Task:
Beginning with the line containing "Vintage Levi’s Trucker" and going on through the line containing "Saint George Zip Black", the lines below are to be returned exactly, pictures excluded and nothing added.

____ Supplied records

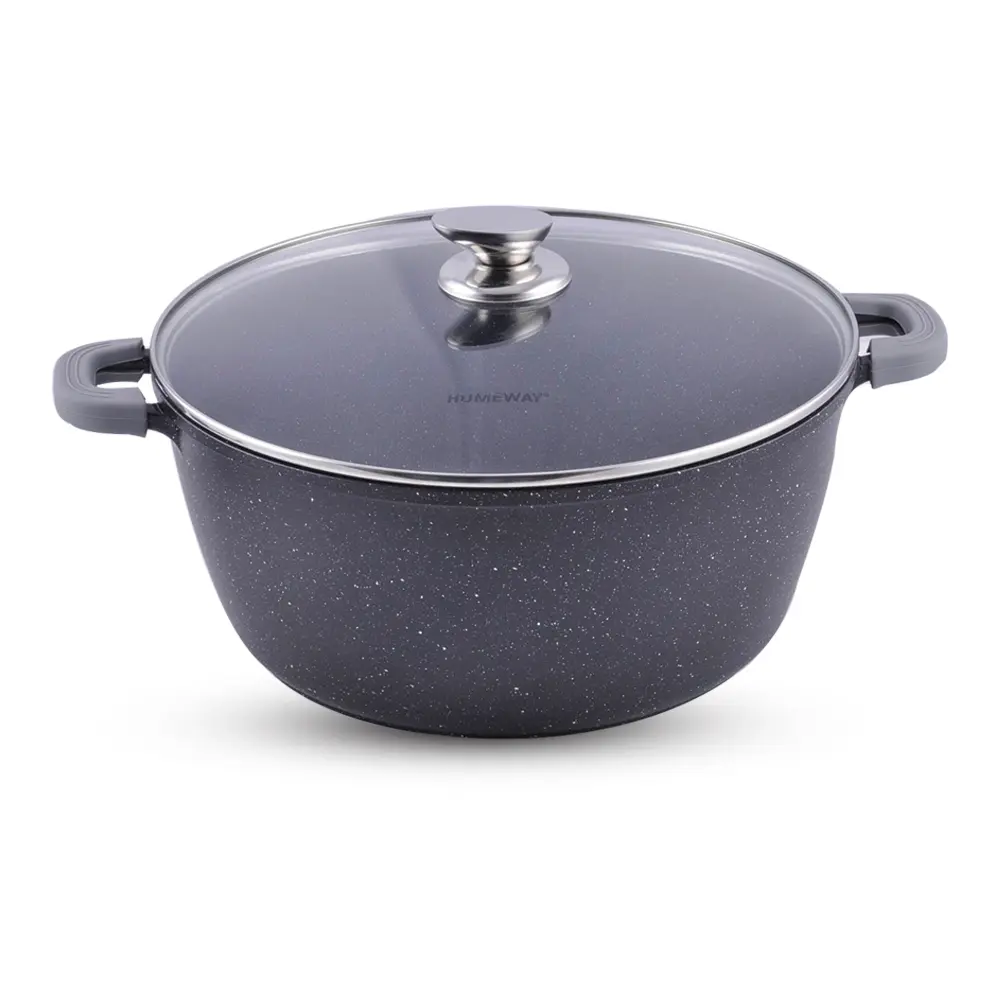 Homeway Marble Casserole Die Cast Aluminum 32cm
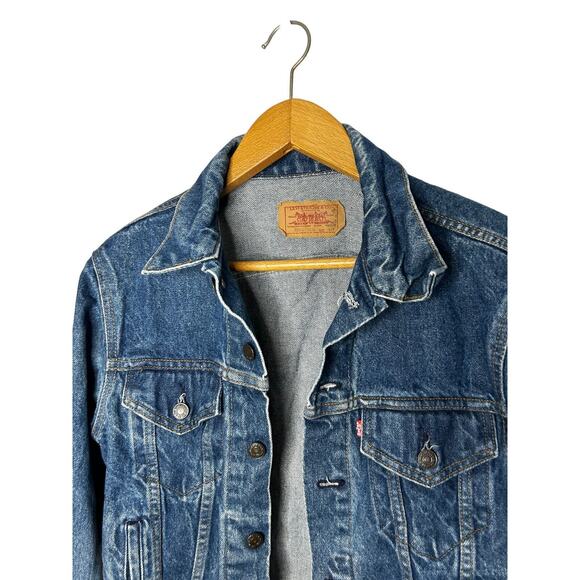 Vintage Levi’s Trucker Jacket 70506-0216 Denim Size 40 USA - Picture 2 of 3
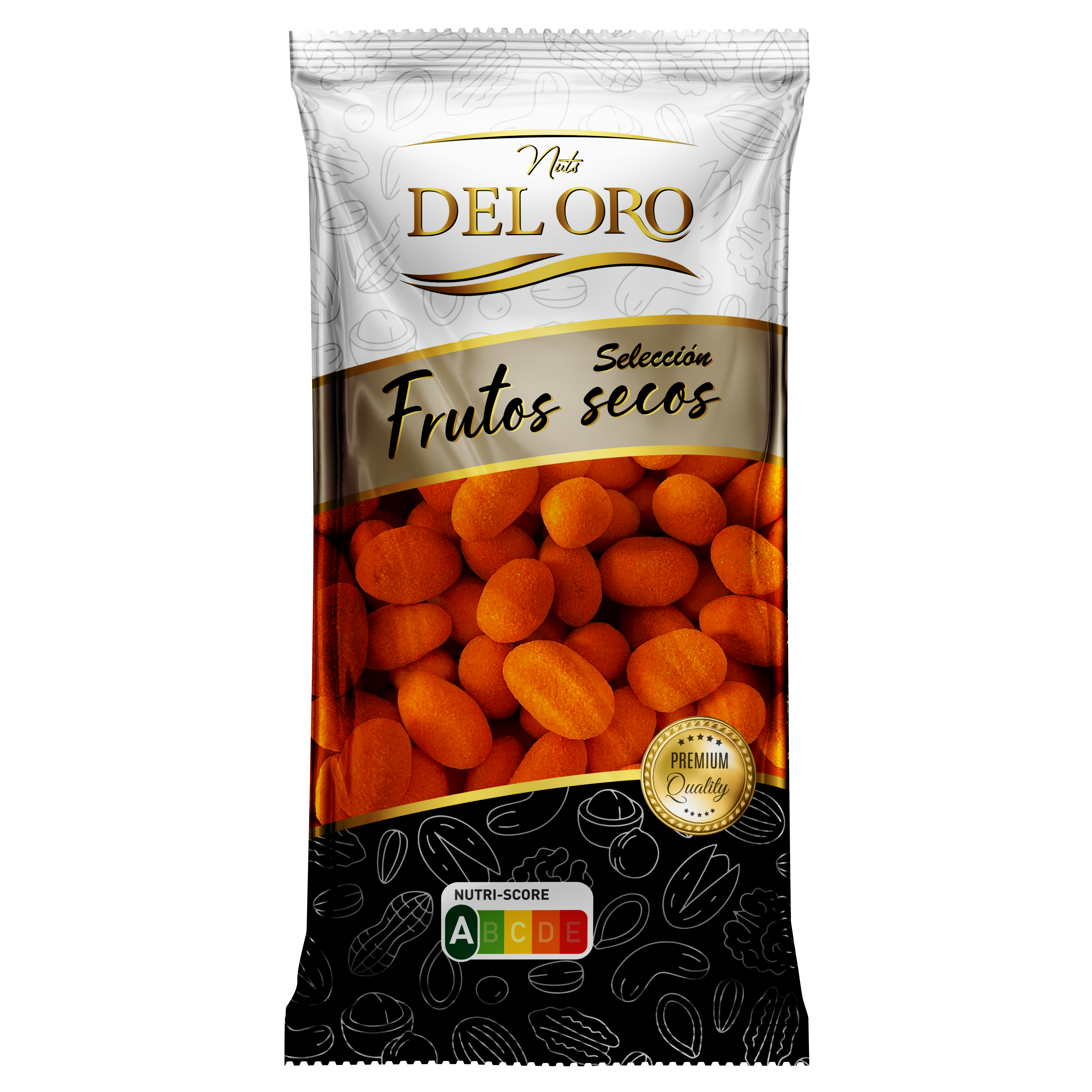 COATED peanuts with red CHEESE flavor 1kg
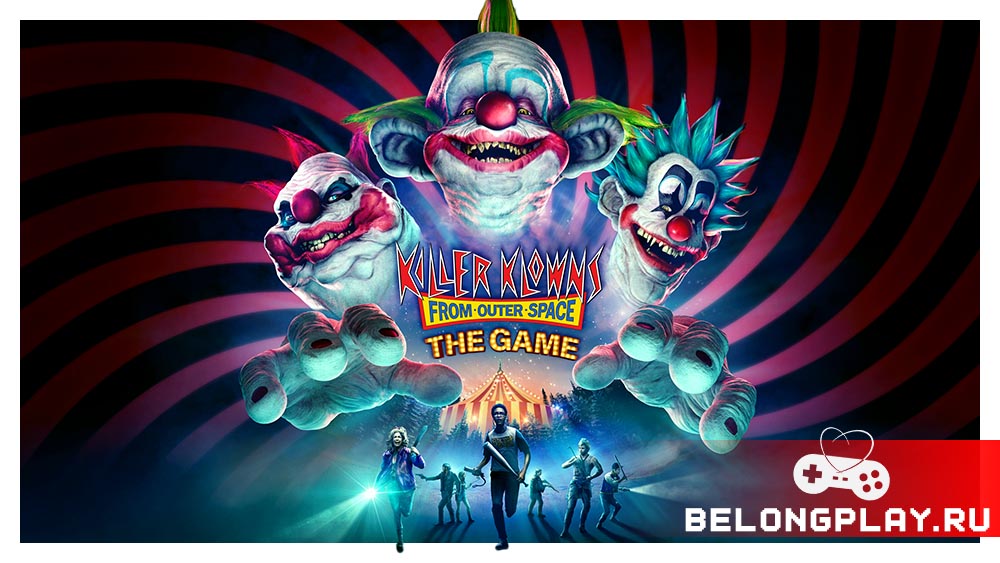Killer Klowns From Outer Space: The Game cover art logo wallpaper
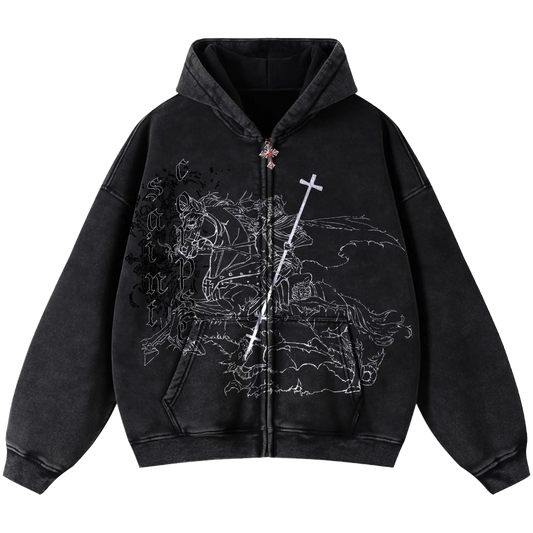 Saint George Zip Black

________
____ Supplied records

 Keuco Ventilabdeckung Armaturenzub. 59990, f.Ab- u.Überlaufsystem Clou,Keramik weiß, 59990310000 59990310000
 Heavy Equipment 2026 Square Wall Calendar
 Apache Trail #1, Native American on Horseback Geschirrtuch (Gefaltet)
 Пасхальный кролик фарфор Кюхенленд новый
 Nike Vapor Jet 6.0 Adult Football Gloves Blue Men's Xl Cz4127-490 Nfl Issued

________

Expected output:
 Vintage Levi’s Trucker Jacket 70506-0216 Denim Size 40 USA - Picture 2 of 3
 COATED peanuts with red CHEESE flavor 1kg
Killer Klowns From Outer Space: The Game cover art logo wallpaper
 Saint George Zip Black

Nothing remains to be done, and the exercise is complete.